Two and Three-Quarters Stars from The Grandstander.

TED LASSO


One episode remains in Season Three of this Emmy Award winning series, and while neither the producers of the show nor Apple TV have said so, all signs are pointing to the fact that this will be the final season for this one.   To me, the series has continued to be a terrific one, funny and moving, and great performances from all the actors involved.  However, it appears that there is not much of a story left to be told.  AFC Richmond has come back into the Premier League after a year of relegation, they have played in fits and starts, but they have rallied in the final weeks of the season, and with one game remaining in the season, a victory will give them the EPL Championship.  Whether they win or lose that game match is almost immaterial.  Coach Lasso has done his job, and appears that he needs to move on.  We'll find out this coming Wednesday evening.

What has surprised me, however, is the critical backlash that seems to have come upon this show.  If you read any number of critics online, they are almost unanimous in their derision of Season Three of the show.
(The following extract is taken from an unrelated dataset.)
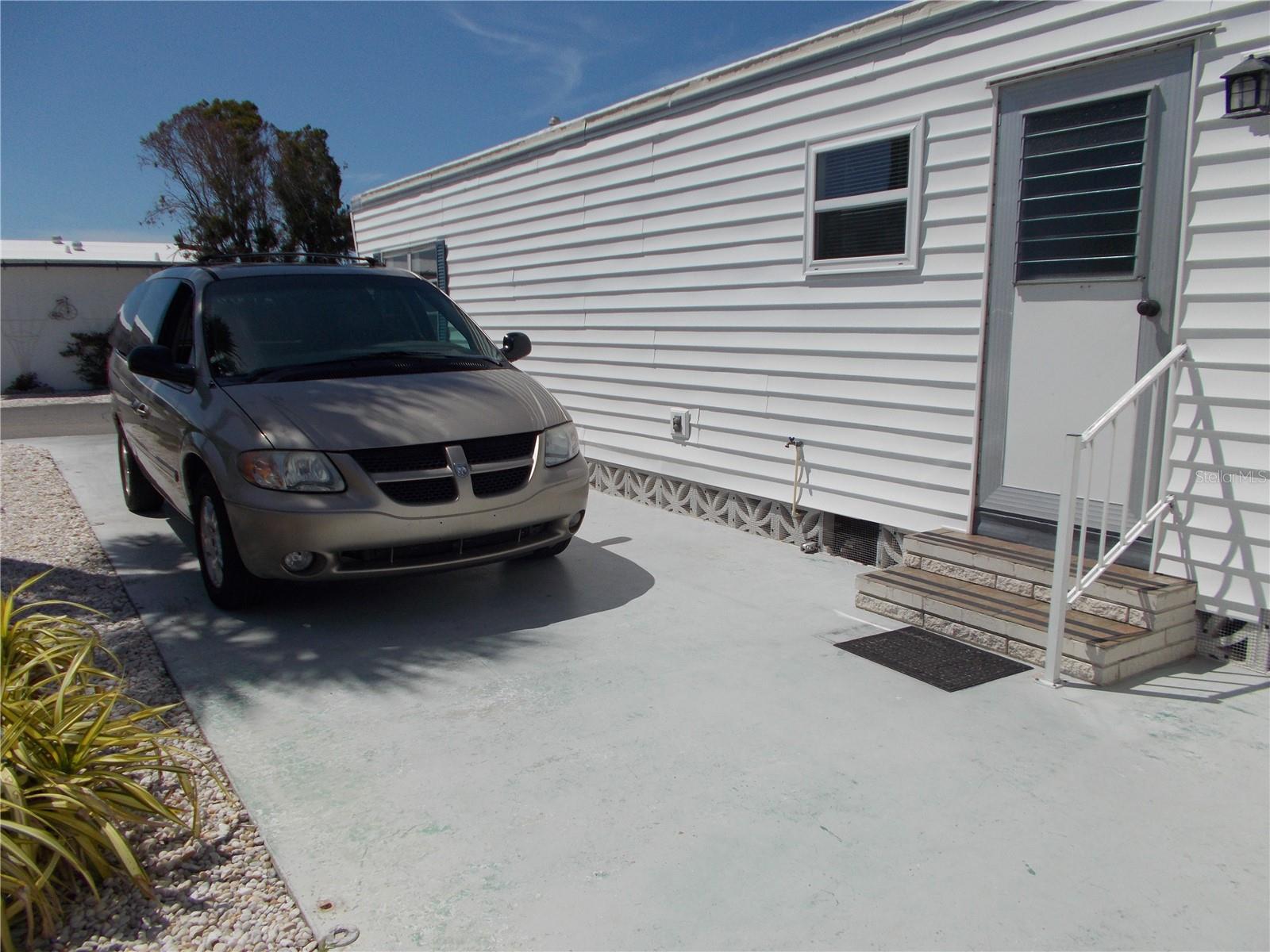 748 ROMA RD, VENICE, FL, 34285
These same critics who praised "Ted Lasso" to the high heavens are now ruthless in savagely attacking it.   Maybe it hasn't cleared to bar it set in its first two seasons, but to read some of these critics, you'd think that it has turned into a 21st century version of "Gilligan's Island."  I mean.....



PERRY MASON


We are only three episodes into Season Two of the HBO Max series, "Perry Mason", but we are really enjoying it.

This is not the Raymond Burr's Perry Mason. It is, instead, a grittier, more noir-ish origin story for Mason, one that is more in line with author Erle Stanley Gardner's original vision of him.

Set in the 1930's, this is a beautifully done period production.  I have heard critics who have lived in Los Angeles all of their lives praise how the show evokes their city of another era.  And both Matthew Rhys and Juliet Rylance are quite good in the roles of Mason and his partner (no longer secretary) Della Street.

If you haven't seen this one, you should take a crack at it.  You don't have to have seen Season One to enjoy Season Two, but it might help fill in some background for you. 

Monday, May 22, 2023

To Absent Friends - Jim Brown

Jim Brown
1936 - 2023

Okay, ever since the news came down last Friday of Jim Brown's death at the age of 87, I began to wonder about what I would write about him in an Absent Friends post.  I soon realized that there is nothing that I could write that would capture the true greatness of Jim Brown.  Maybe Red Smith or Frank Deford could have done so.  Or Hemingway.  But The Grandstander?  Not a chance.

Brown played in the NFL for only nine seasons, 1957 through 1965.  I saw him play only on black and white television, but his impact was immediate on this then young boy's consciousness as a football player, no one I have seen since lug the football has surpassed Brown as a ball carrier and as an all around bad-ass tough guy football player.  He is conceded by many to be the greatest football player in NFL history.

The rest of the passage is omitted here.